Part of the reason I wanted to record Dead Mall Blues was because Walter had never really been recorded in an acoustic context. He’s a great player with his own style that comes across whether he’s plugged in or not. When playing electric he does a lot of crazy stuff with feedback, but if you take away the amp, he’s just as interesting to listen to.
So, recording an all-acoustic record didn’t seem that weird to me, but now that the record is out I get a lot of strange reactions. “This is really different from your other stuff!” is something I’ve heard more than once. And maybe it is, because I’ve never been recorded playing strictly acoustic before, but it never seemed different to me because I’ve always listened to lots of acoustic music along with everything else.
I’ve listened to a lot of old blues records, I love the older country blues artists and obviously they were a big influence on me. Yet after many years of listening to older blues recordings I began to branch out from the “original” bluesmen to some of the more contemporary players from the 60s and later, and these records were a big influence on Dead Mall Blues, too. You could call these “modern” acoustic records because they were recorded maybe fifty years ago, instead of eighty! Time to give this artists some credit. I mean, once you’ve listened to hundreds of hours of blues records, and you still want MORE sounds, you’re going to have to move up a couple of decades.
When the “blues revival” hit in the 1960s, a lot of blues players were “rediscovered” by white college kids, and about as much time had passed then as has now passed since when these 60s second-wave blues pickers first recorded. Mississippi John Hurt recorded for Okeh in 1928, and his “rediscovery” in 1963 was only 35 years later. Meanwhile an act like Koerner, Ray, and Glover first recorded in 1963, and here we are 51 years later and they are still in relative obscurity, even for many blues fans (and that’s a small group, as I’ve previously discussed!). How about some appreciation for a little bit of that 1960s white-boy blues? It doesn’t diminish the original bluesmen’s music at all to admit that these later guys could make a mean record, themselves. And not all of this stuff is strictly blues, either, there’s a lot of folk and country influences mixed in, too.
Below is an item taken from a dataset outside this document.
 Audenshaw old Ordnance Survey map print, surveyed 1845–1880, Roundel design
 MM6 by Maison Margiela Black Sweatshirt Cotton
I do play banjo on Dead Mall Blues, and we cover Hank Williams in addition to Blind Willie McTell.
I can’t speak for Walter, but after the jump there’s a list of some of the “contemporary” (i.e.: recorded in maybe the last 50 years) LPs that were also a big influence on me the making of Dead Mall Blues:
The Holy Modal Rounders
For a band that performed on a popular TV show like Laugh In (even though they were too high to remember doing it), and had a song on the soundtrack of a hit movie (Easy Rider, for which they never saw a dime), the Holy Modal Rounders received little recognition in their day.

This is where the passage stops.